── Provided data ──

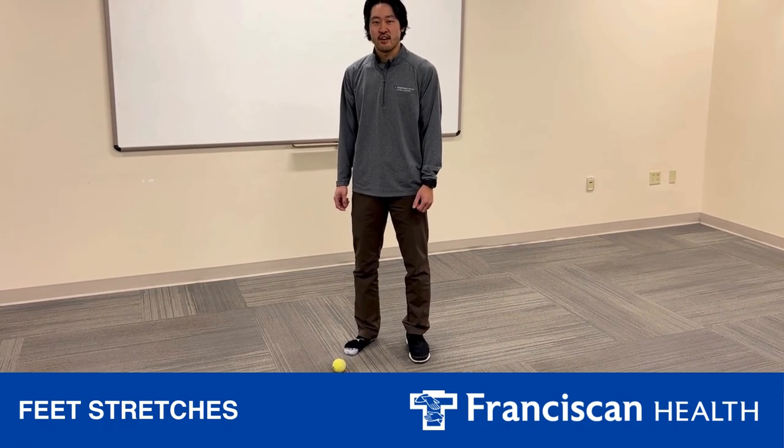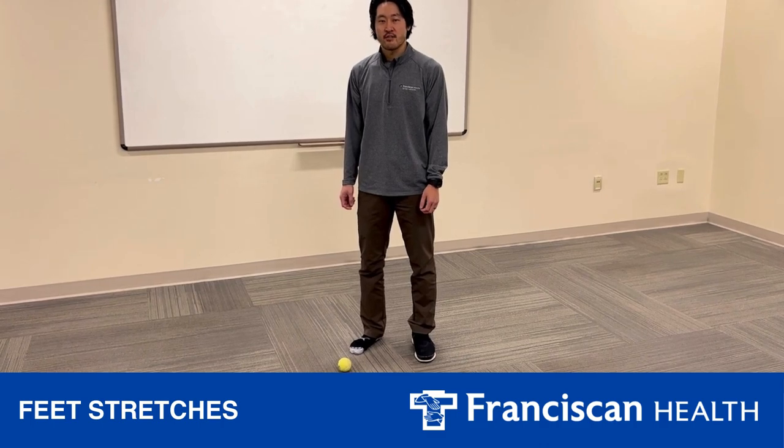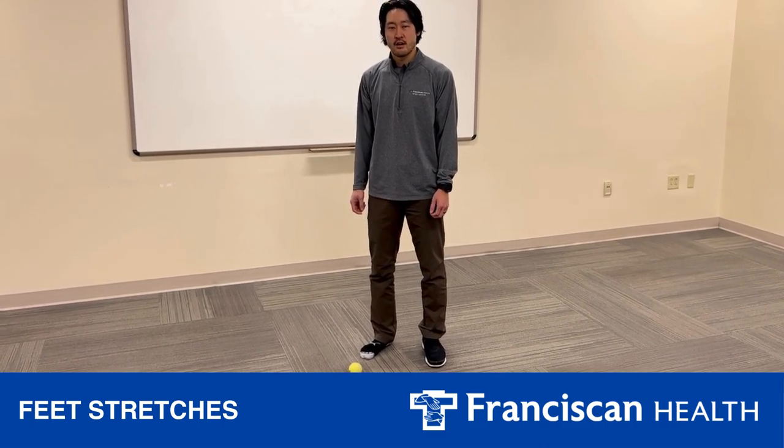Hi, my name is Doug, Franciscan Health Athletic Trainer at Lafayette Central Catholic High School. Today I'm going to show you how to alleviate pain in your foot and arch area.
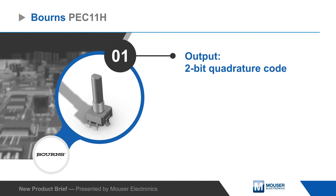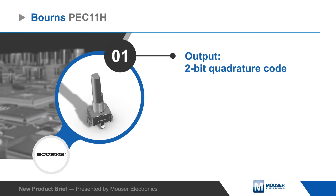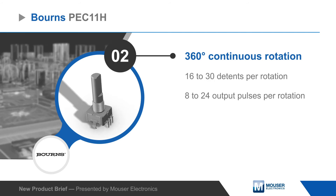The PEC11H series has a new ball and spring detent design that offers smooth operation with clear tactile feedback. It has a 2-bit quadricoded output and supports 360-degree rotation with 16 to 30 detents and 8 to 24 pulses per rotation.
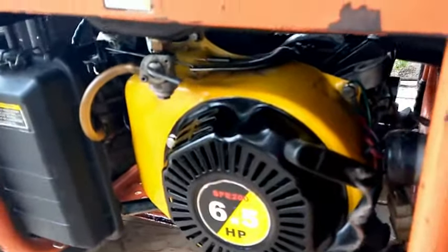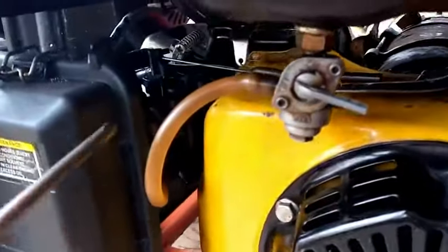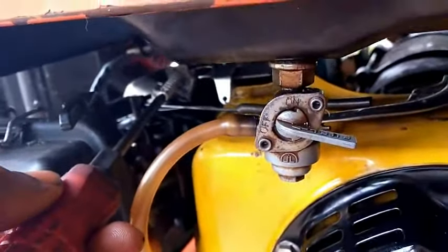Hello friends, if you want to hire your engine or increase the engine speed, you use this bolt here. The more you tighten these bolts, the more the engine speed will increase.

───

Work to be completed: Print the stretch of the data from the line with "The PEC11H series" through its last line, exactly and with both ends kept. Omit pictures.

The answer:
The PEC11H series has a new ball and spring detent design that offers smooth operation with clear tactile feedback. It has a 2-bit quadricoded output and supports 360-degree rotation with 16 to 30 detents and 8 to 24 pulses per rotation.
Hello friends, if you want to hire your engine or increase the engine speed, you use this bolt here. The more you tighten these bolts, the more the engine speed will increase.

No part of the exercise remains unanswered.